* WORK TASK *
Exactly transcribe the span of lines from the one containing "2 Full Bath..." through the final line of the entries, inclusive, and nothing outside it. Exclude the pictures.

++++ DATA EXTRACTS

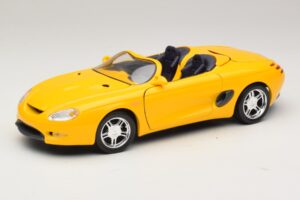 Ford Mustang Mach III Avoauto Keltainen Maisto 1:18 32815 Metalli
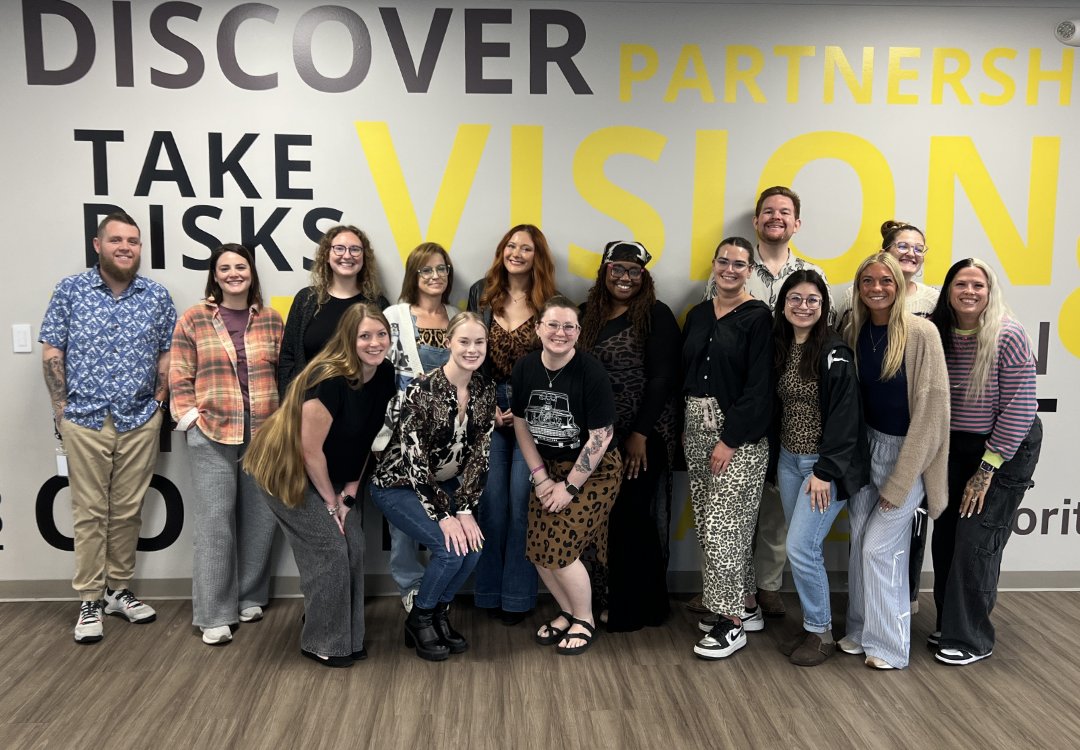 Priority1Inc's tweet image. Great vibes. Great people. Great pattern game. That's Priority1 on Pattern Day Friday. #Transport #Logistics #FreightBrokerage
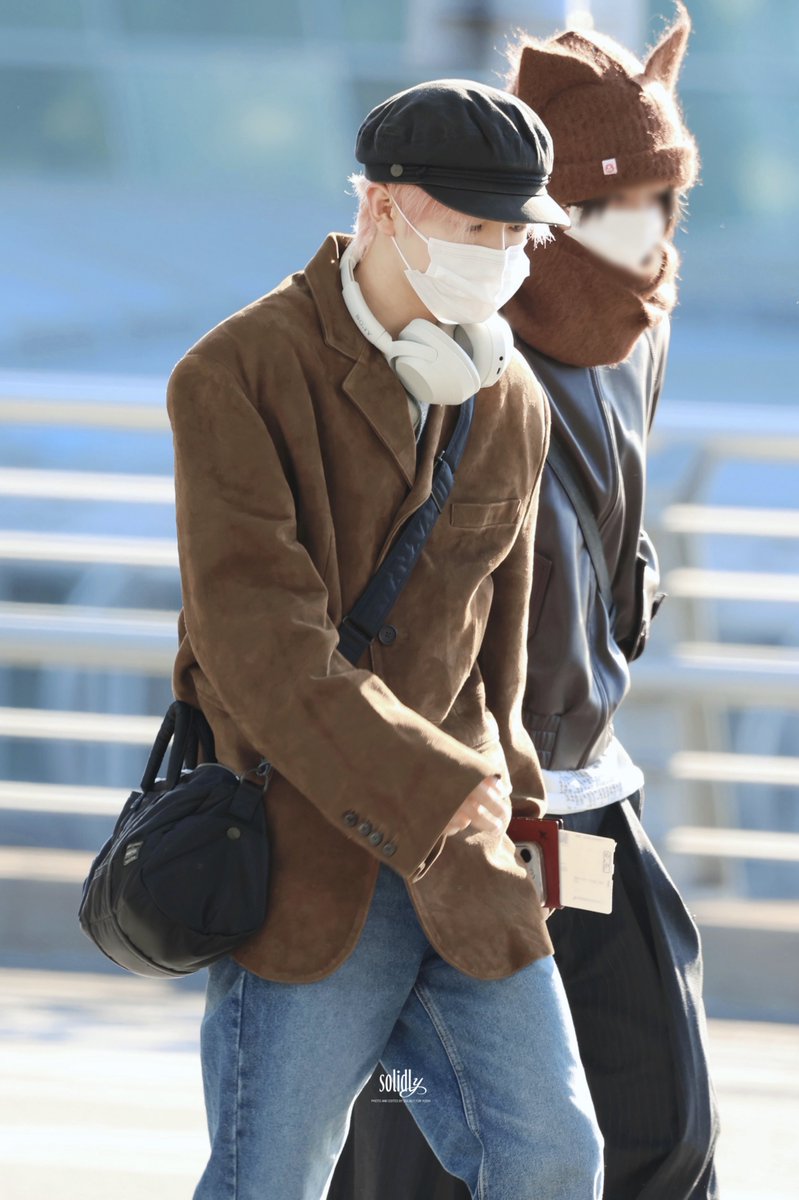 𝘴𝘰𝘭𝘪𝘥𝘭𝘺 tweet media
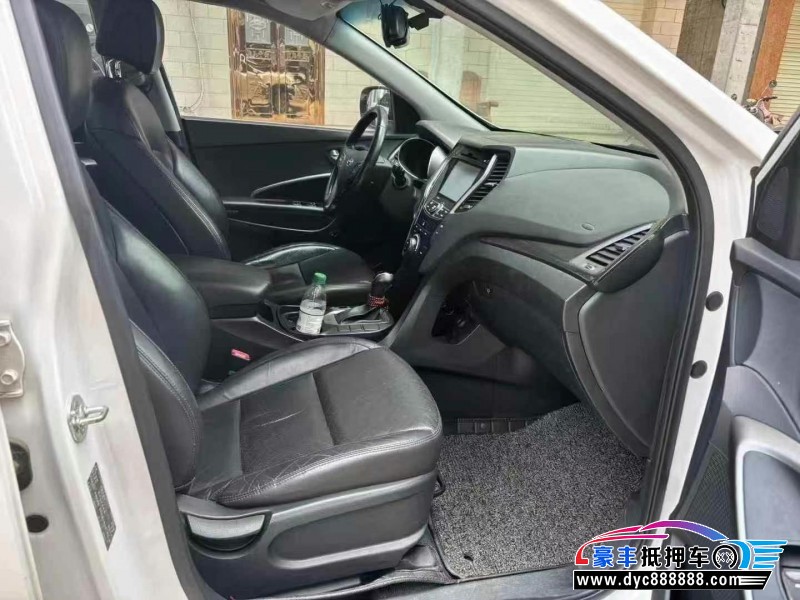 16年现代新胜达轿车抵押车出售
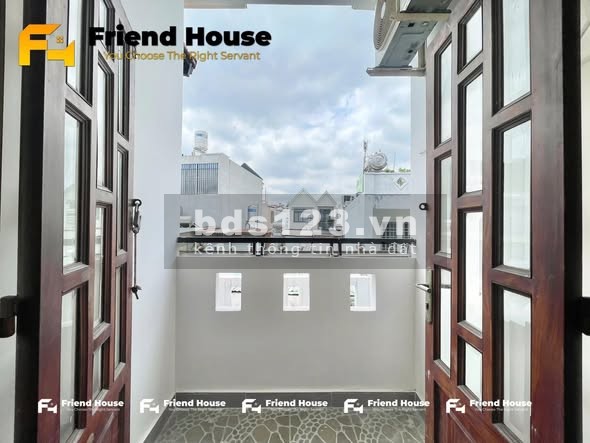 Phòng mới có ban công, cửa sổ tại 285 Phạm Văn Chiêu, Gò…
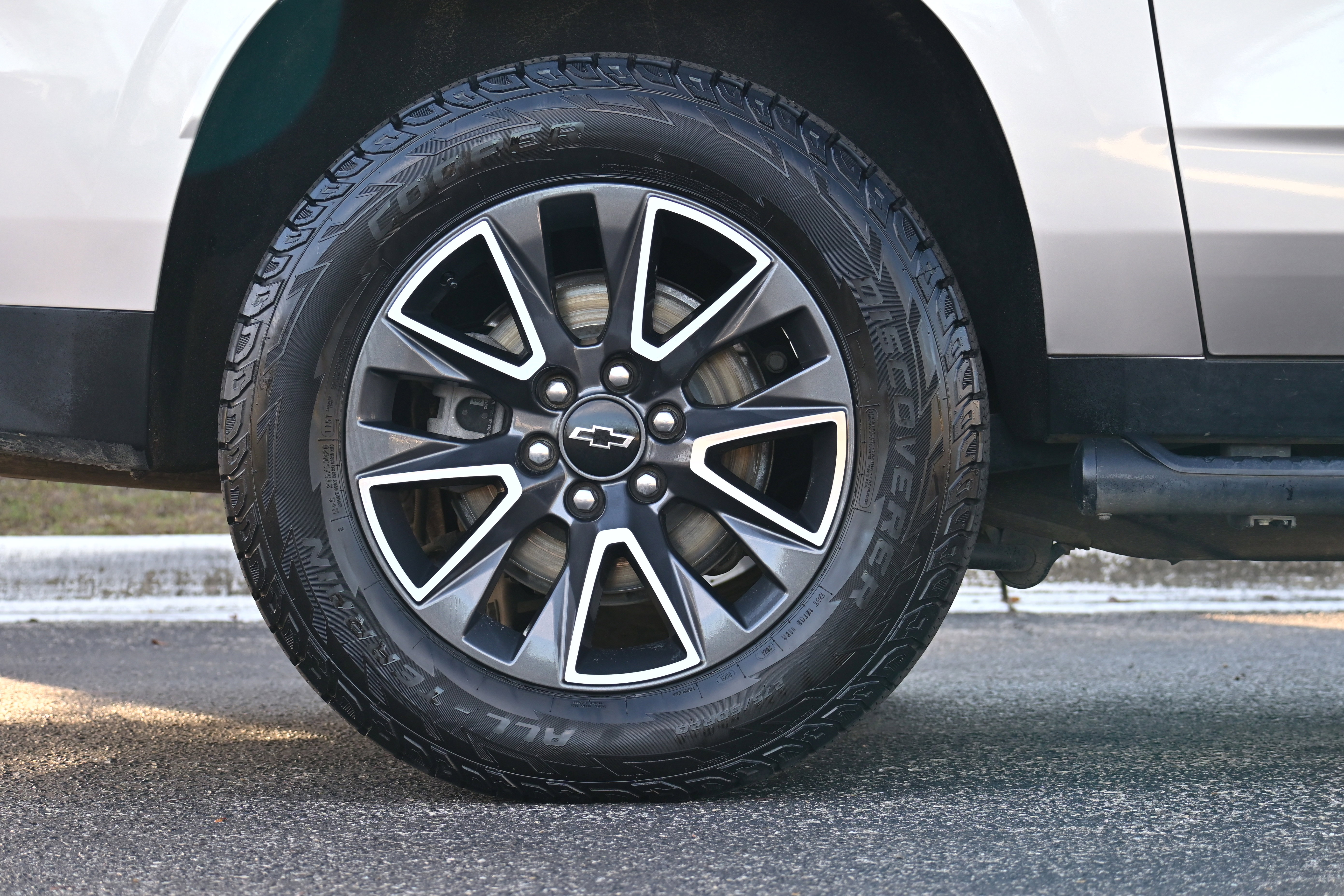 Used 2022 Chevrolet Suburban Z71 image 18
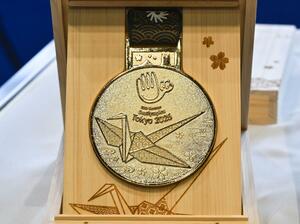 お披露目された「東京デフリンピック」のメダル=7日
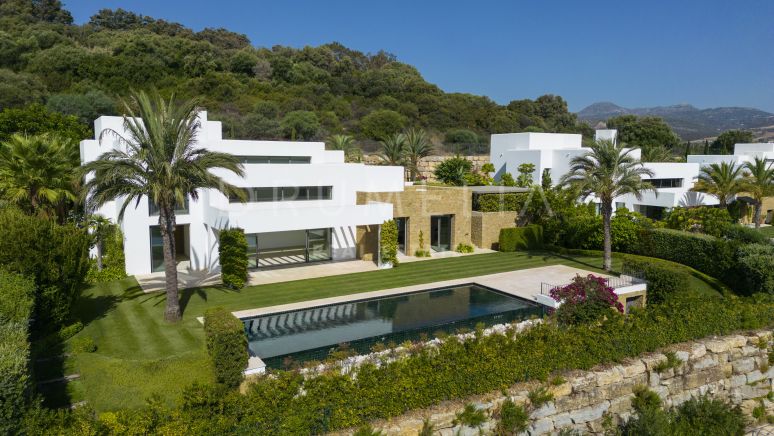 Gloednieuwe luxe villa aan de golfbaan met schitterend uitzicht en Ibiza-stijl, Finca Cortesin, Casares.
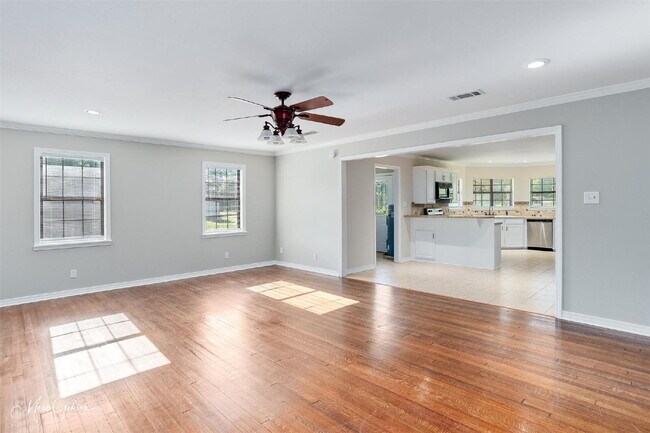 Building Photo - "Charming 3-Bed Sanctuary with 2 Full Bath...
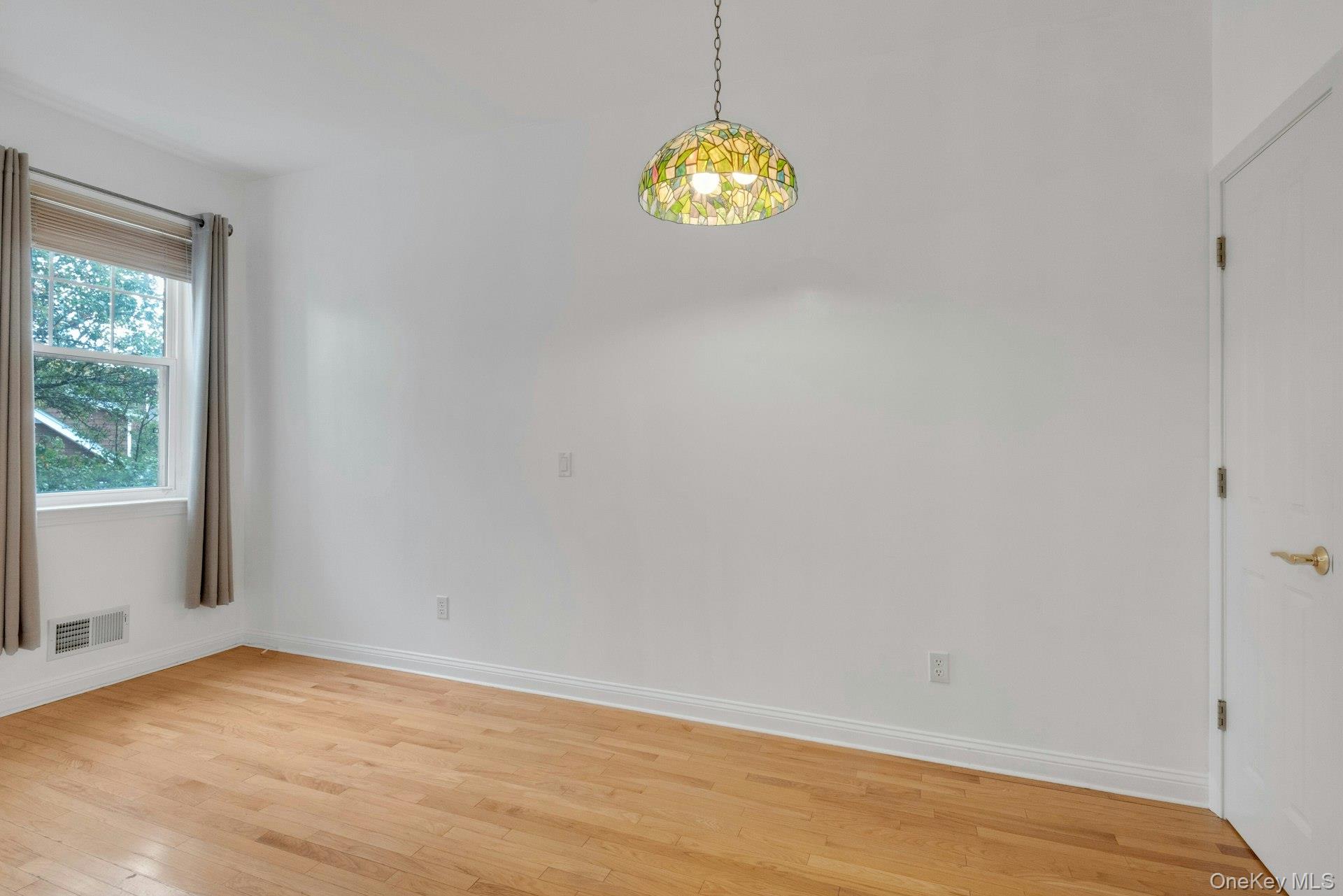 #12 photo, 25 Glen Hill Lane, Tarrytown , NY 10591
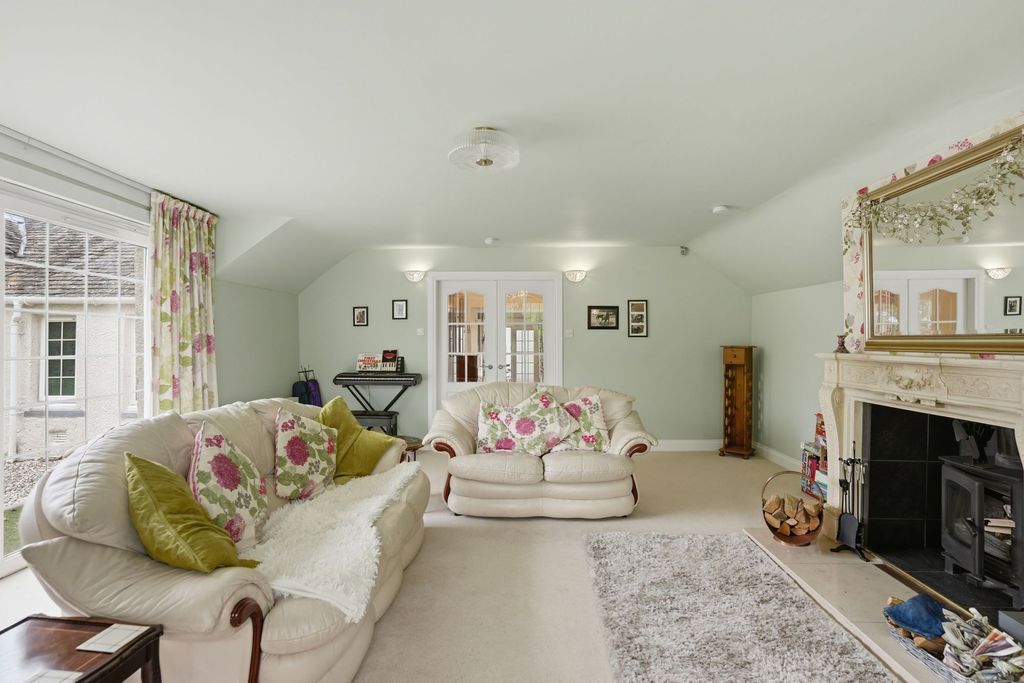 Additional image 6 of 4 bed detached bungalow for saleNether Auchlinsky Cottage, Dollar FK14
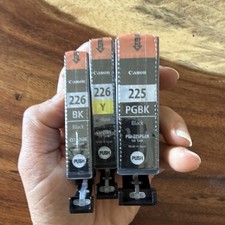 Canon 225 226 Genuine Inkjet Ink Cartridges PGI-225PGBK CLI-226BK/226Y picture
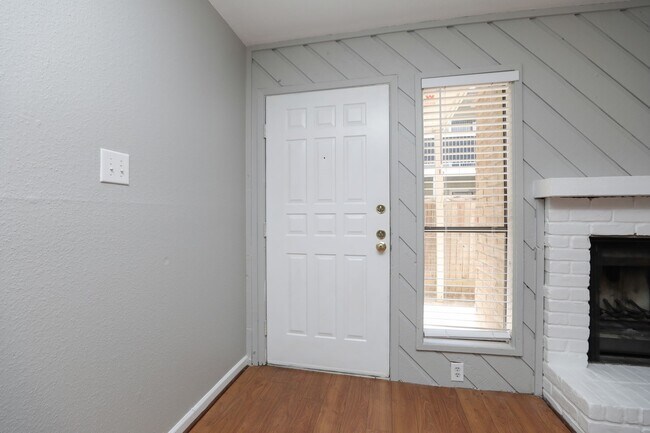 Photo - 2100 Wilcrest Dr Unit 127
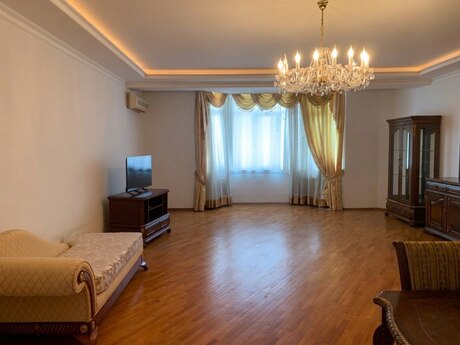 3 otaqlı yeni tikili - Nizami m. - 130 m²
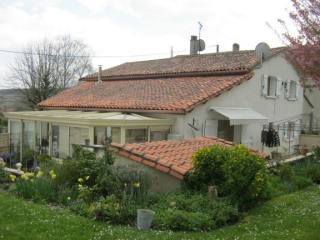 Modern 3 bedroom house in pretty hamlet..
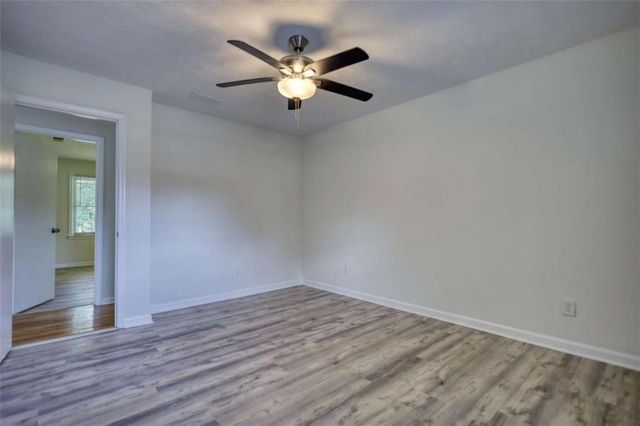 1341 Kenyon Road, Morrow, GA 30260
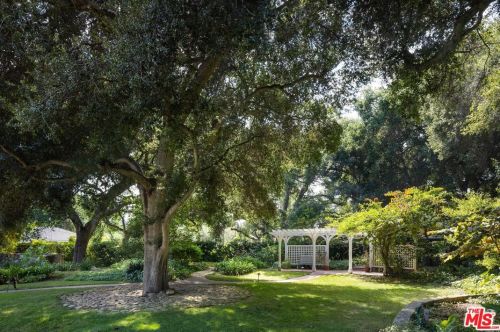 1564 Ramona Ln, Santa Barbara CA  93108-2634 exterior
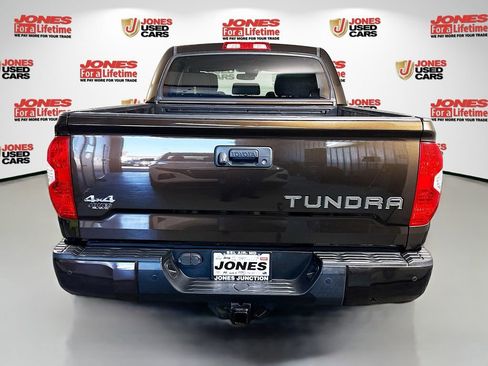Certified 2018 Toyota Tundra Platinum AWD/4WD image 19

++++++++

* COMPLETED TASK *
 Building Photo - "Charming 3-Bed Sanctuary with 2 Full Bath...
 #12 photo, 25 Glen Hill Lane, Tarrytown , NY 10591
 Additional image 6 of 4 bed detached bungalow for saleNether Auchlinsky Cottage, Dollar FK14
 Canon 225 226 Genuine Inkjet Ink Cartridges PGI-225PGBK CLI-226BK/226Y picture
 Photo - 2100 Wilcrest Dr Unit 127
 3 otaqlı yeni tikili - Nizami m. - 130 m²
 Modern 3 bedroom house in pretty hamlet..
 1341 Kenyon Road, Morrow, GA 30260
 1564 Ramona Ln, Santa Barbara CA  93108-2634 exterior
Certified 2018 Toyota Tundra Platinum AWD/4WD image 19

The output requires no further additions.